When you retype the data, keep every word exactly and include none of the pictures.

◆ **The data**
• • • • • • •

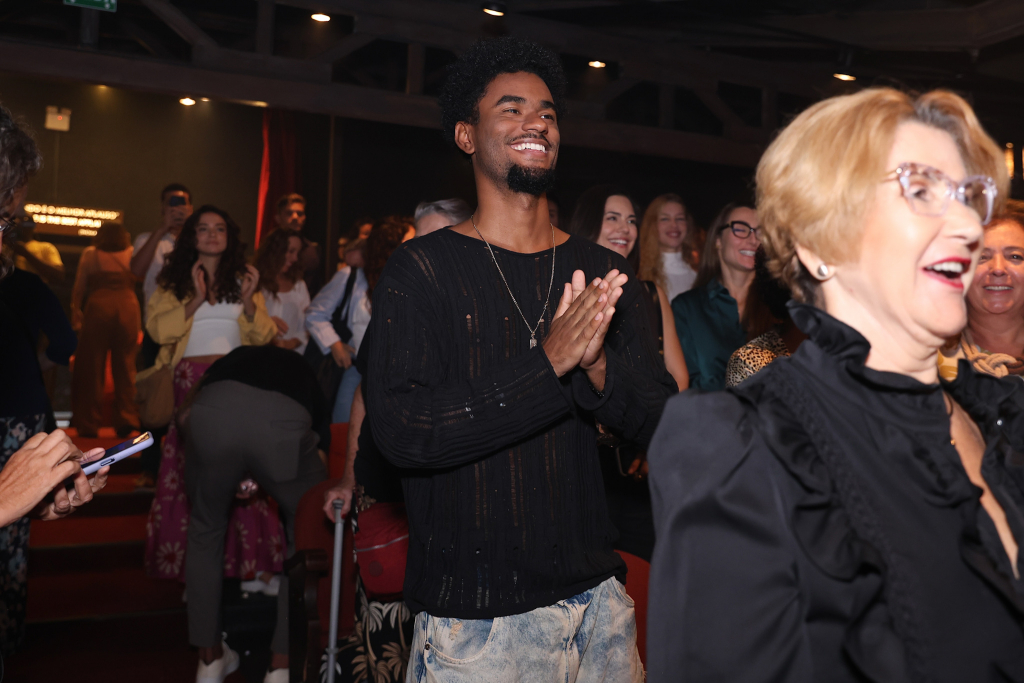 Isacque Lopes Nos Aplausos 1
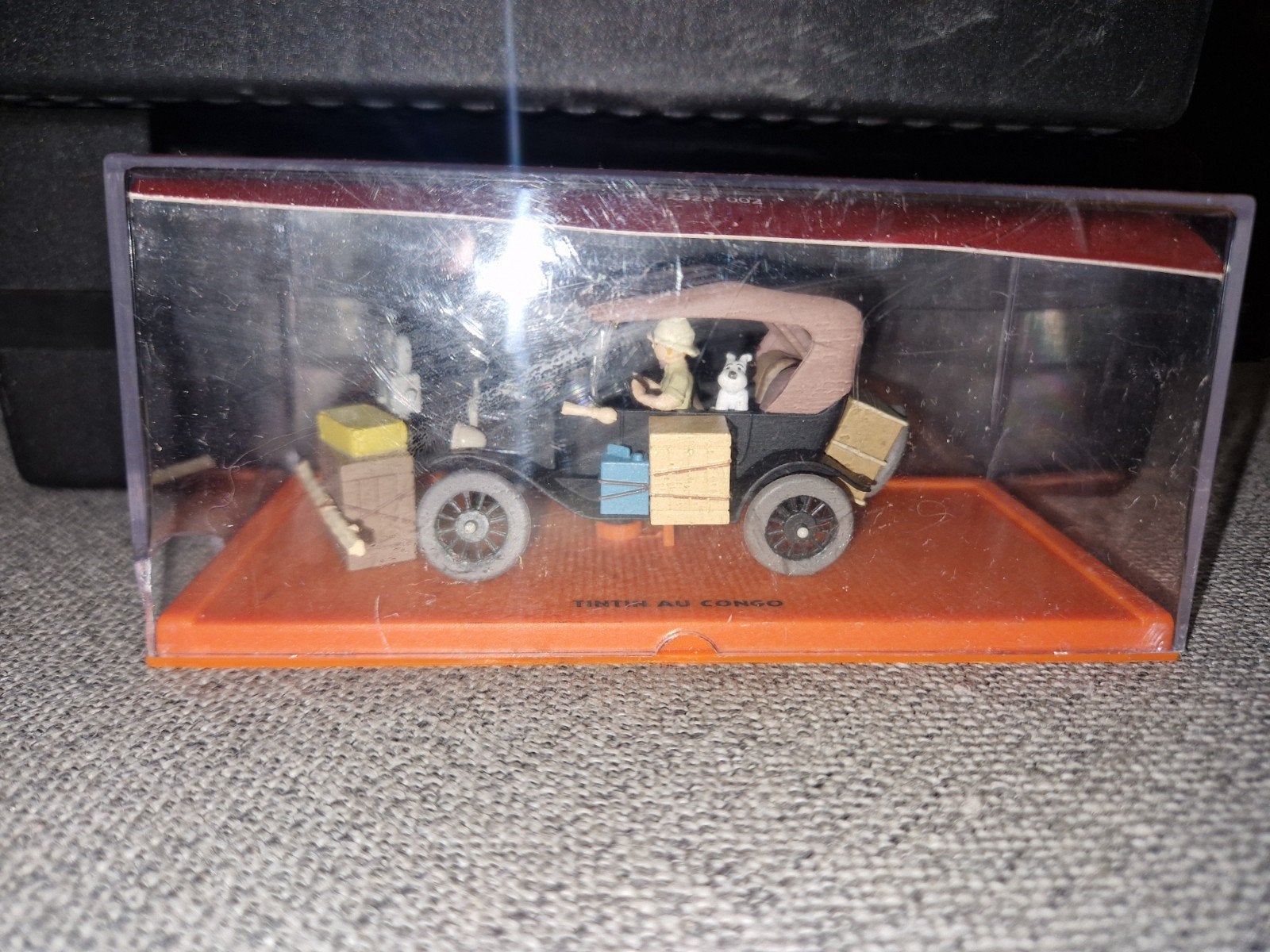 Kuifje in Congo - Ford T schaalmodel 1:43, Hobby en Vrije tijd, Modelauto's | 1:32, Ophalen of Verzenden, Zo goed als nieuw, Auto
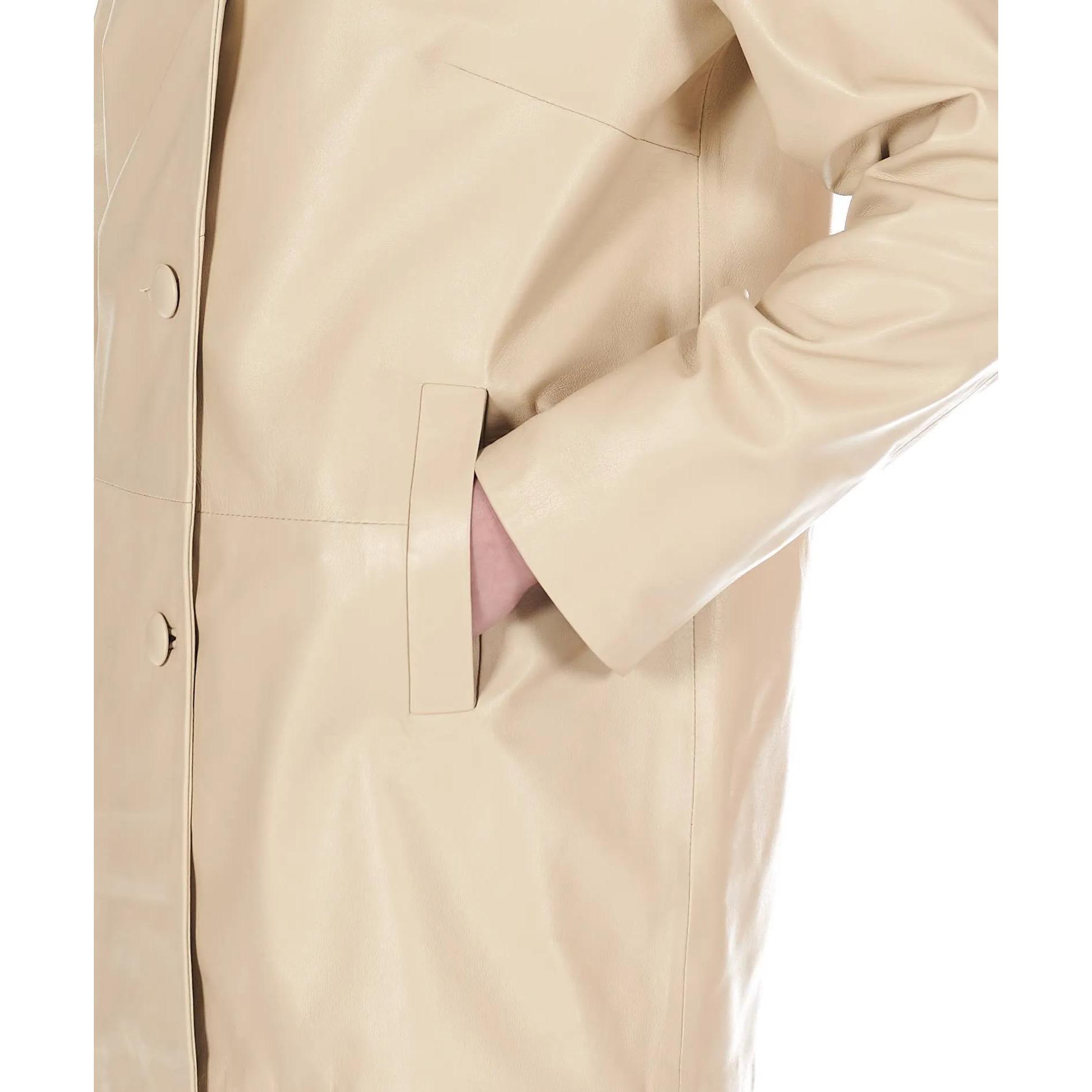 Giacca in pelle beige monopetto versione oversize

• • • • • • •

◆ **Completed task**
 Isacque Lopes Nos Aplausos 1
 Kuifje in Congo - Ford T schaalmodel 1:43, Hobby en Vrije tijd, Modelauto's | 1:32, Ophalen of Verzenden, Zo goed als nieuw, Auto
 Giacca in pelle beige monopetto versione oversize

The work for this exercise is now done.